We are all here on this earth living out our lives so that everyone else on earth can be doing the very same thing; we are the body for the Creator’s experience of who the Creator is.  We have the choice as a collective body of people to live in a state of unity and togetherness or to continue to believe we’re completely separate and an anomaly within the grand scheme of the universe.  The choice, like grace, is ours to realize or take for granted.

We can do amazing things if we choose to; if we choose to smile when we pass each other, if we choose not to promote war and famine, or if we decide to help a stranger in need as opposed to look the other way etc.  We alone have the choice to be who we want to be and the choice to make our life the life we want it to be, this is the very essence of the rest of this blog.  Choice is the meat of my writing here, and if we can understand that life is a choice then we can begin to understand that what has happened to us in our past can be seen as an opportunity and not a curse.
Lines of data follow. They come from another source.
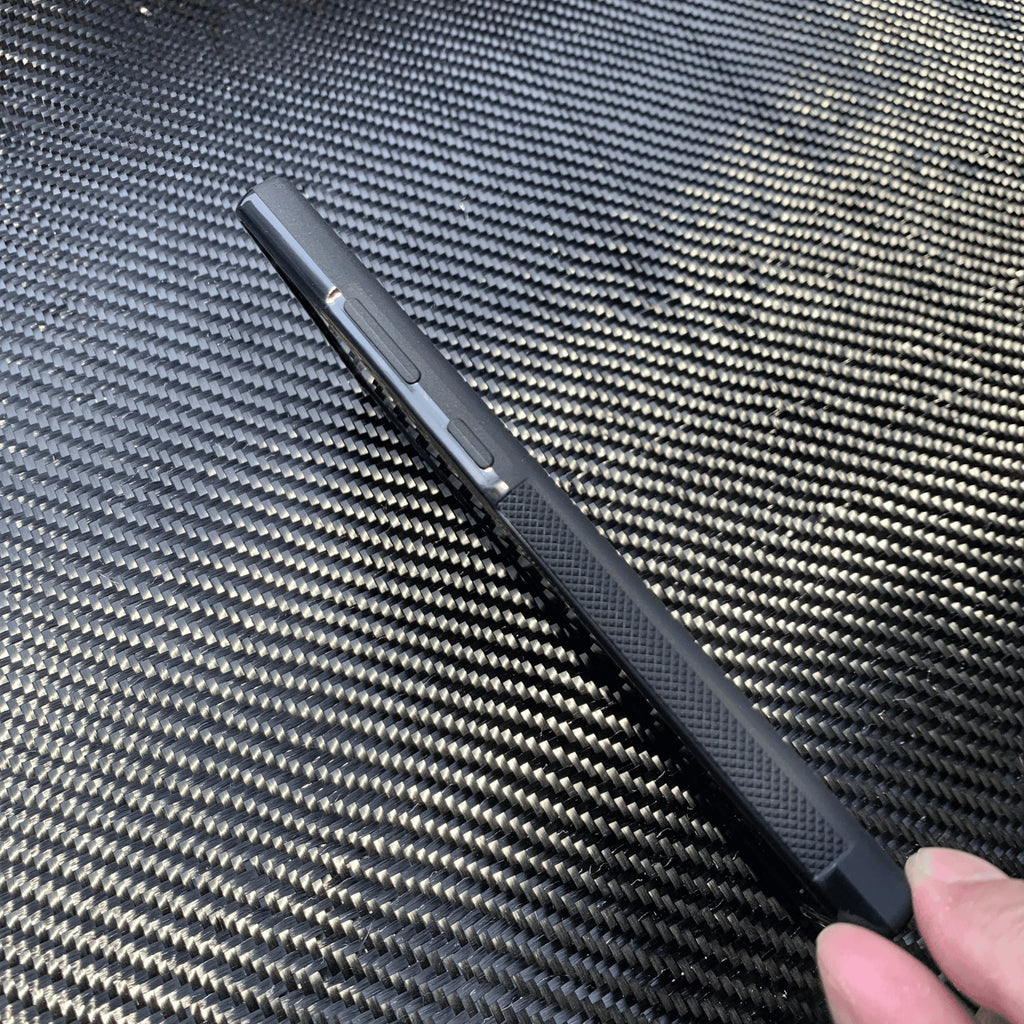 Samsung MagSafe Exclusive Carbon Fiber Case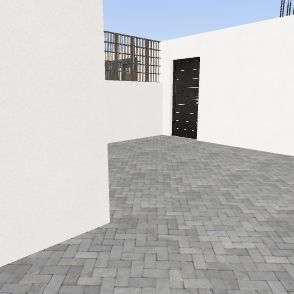 Maison Olivier 5 Design Rendering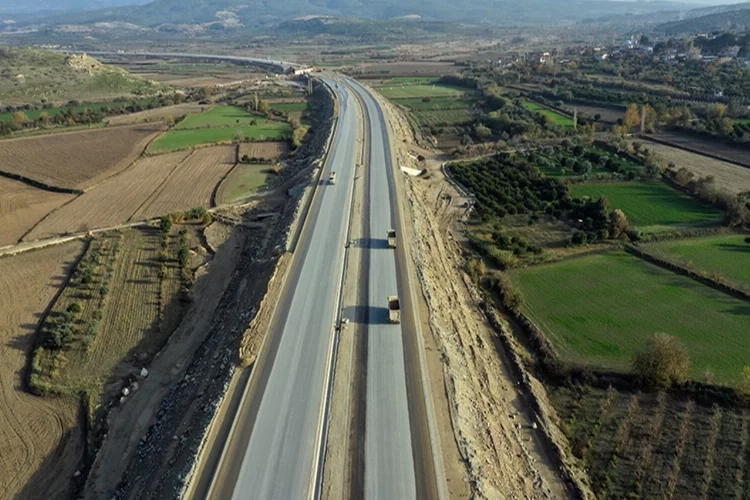 Aydın-Denizli Otoyolu ne zaman trafiğe açılacak? İşte detaylar…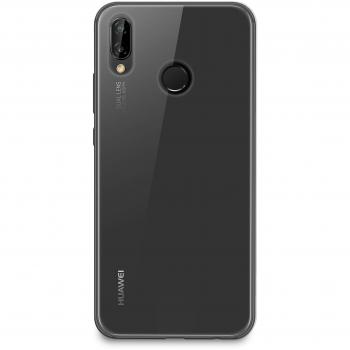 Protezione Rigida Clear Puro per Huawei P20 Lite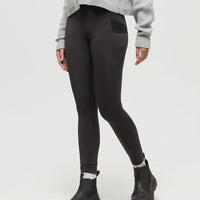 Tentree Tentree Women's Atlin Legging Tentree W Atlin Legging – Ottawa Valley Air Paddle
I plan on sharing with you the experiences of my life and why I believe they happened.  Hopefully by me sharing it can help someone better understand why their life has had to be the way it is.

I’ll be introducing you to a hand full of people who were part of my life and that taught me lessons along the way, which at the time I may not have picked up on but as an adult I can be thankful for.  Were it not for the men you’ll read about in these pages I would not be the person I am today, and if I was not the man I am today I would not be writing this book, and possibly someone out there would not benefit from my story. 
You see, we’re all connected whether we realize it or not, for my experiences will soon become your experiences, within these pages you’ll hear me do my best to explain the life I’ve lived, and from reading these pages you’ll be better equipped to understand that you have the power to open your eyes and achieve the success you desire, and that you have the love needed to be the change in the world you so desperately deserve.
My goal for this blog, my deepest wish for the reader, is that he or she upon finishing will be able to love themselves more and understand that it’s their choice how to move on with their life.  I want you, the reader, to be at a place of understanding that we’re all in this thing called life together, and that hope for a better life really is a choice left up for us to make or to not make. 


Please open your hearts and minds to the pages that will follow as I have opened mine for the words that will fill them.